The whole hospital was silent for a few minutes before I stood. Bea twiddled her thumbs as tears dropped down her cheeks. My heart broke and so did my knees. I tumbled down to the floor and placed my very sweaty head between my just as sweaty hands. I brushed through my hair and just held my posture for a few minutes. Boys don't usually cry in front of their girlfriends, but I was letting it all out there and then. I was sobbing. My chest began throbbing and I could feel my concious whispering in the back of my mind. In denial, I shoved the voice away because I couldn't stand to be faced with the reality. The reality of the situation that my best friend's baby was probably dead. Apart of her, that tore her genital apart, made her be judged because of how young she is, just died. As simple as that. 

All hope was battered until someone's warm arms hooked around my shoulders and lifted me from the hospital's cold, tiled floor. I turned to face them and discovered that they were a doctor. 

"Olly?" The doctor asked, smiling. 

"Why are you smiling?" I replied harshly, leaving the nurse in shock. 

There was a few second delay before her reply; she was interrupted by a sharp baby cry. A baby girls's cry. The nurse's face lit up and whispered. "That's why."

Beatrice and I greeted Anne's hospital room. The walls were painted peach with stickers of tiny baby elephants in pink tutus holding balloons, balancing on their left foot. The windows were open; letting the ice cold summer breeze flow around. The sun was slowly rising over the horizon, but it was still needed to have every single light on in the room. The incubator was placed next to the hospital bed. It was connected to all sorts of tubes flowing all around the room to different ports. Anne was led between the sheets. She looked like death. She had tubes running through her veins and into different bags of fluid. Her skin looked grey and exhausted. 

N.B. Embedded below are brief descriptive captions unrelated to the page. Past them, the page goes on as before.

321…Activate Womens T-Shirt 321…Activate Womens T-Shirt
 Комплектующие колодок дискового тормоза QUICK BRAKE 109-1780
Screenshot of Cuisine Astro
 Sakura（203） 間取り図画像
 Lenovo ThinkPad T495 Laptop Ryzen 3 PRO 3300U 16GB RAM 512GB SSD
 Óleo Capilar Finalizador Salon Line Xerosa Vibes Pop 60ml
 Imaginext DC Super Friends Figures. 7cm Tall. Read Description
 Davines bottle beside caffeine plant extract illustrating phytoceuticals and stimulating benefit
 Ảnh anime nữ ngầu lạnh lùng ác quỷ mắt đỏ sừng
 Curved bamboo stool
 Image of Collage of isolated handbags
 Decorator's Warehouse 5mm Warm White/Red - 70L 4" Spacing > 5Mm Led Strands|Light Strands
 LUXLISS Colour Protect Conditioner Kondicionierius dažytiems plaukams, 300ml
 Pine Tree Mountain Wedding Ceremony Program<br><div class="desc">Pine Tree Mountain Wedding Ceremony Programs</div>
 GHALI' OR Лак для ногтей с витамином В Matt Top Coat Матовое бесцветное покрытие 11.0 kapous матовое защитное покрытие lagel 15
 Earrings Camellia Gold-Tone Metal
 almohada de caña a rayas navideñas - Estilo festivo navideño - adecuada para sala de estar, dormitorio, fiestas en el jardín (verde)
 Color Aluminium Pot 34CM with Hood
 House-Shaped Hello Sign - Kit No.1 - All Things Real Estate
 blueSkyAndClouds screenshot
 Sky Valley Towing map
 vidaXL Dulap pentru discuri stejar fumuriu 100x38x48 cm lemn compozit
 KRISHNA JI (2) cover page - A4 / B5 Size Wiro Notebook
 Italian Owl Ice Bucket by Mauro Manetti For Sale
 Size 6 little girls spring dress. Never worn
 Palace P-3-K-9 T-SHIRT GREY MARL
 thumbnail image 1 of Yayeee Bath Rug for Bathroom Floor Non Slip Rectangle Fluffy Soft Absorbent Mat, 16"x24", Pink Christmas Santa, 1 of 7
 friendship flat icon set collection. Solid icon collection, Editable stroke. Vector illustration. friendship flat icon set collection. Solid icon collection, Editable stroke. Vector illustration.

"Olly," Anne whispered with what seemed like all her power. She still had her eyes closed, but I know she was listening. "I've never felt that much pain until I had appendicitis in year 8."

"Well another person did just come out your vagina," Bea laughed behind me and leaned up against the door. "Well, where is the baby?"

Anne's eyes slowly opened and grinned. She gestured towards the incubator and then reclosed her eyes. "She's over there. Or, Josh is hogging her again."

"Guilty." Josh said, happy and jumpy, rushing into the room with their newborn baby girl. 

Bea came from behind me and stood at my side, not taking her eyes off of the baby girl. She was acting like a fat kid in a sweet shop.

"What did you call her?" Beatrice pondered aloud as Joshua gave Anne the baby back to her. She took her hand and smiled down.

"Sapphire," Anne smiled and handed her over to Bea. 

"Well hello there, Sapphire," She cooed in her baby talking voice. She cradelled her, rocking side to side. Sapphire reached up and touched Bea's face. It was a heart warming moment. "My name is auntie Bea," She bent down into the little baby's ear and whispering into her ear. "Don't call me Beatrice, it's a grandma name."

Sapphire giggled as her breath tickled her ear. Bea then handed her to me and my word stopped. As I looked down at Anne's decendent, my heart melted. She was so cute. Her eyes weren't open yet, and they wouldn't be for awhile, but her nose was outlined extremely well. She had cute, little ears like Josh's and Anne's button nose. She even had Anne's hair rapidly growing on top of her head.

She was going to be beautiful; it was obvious.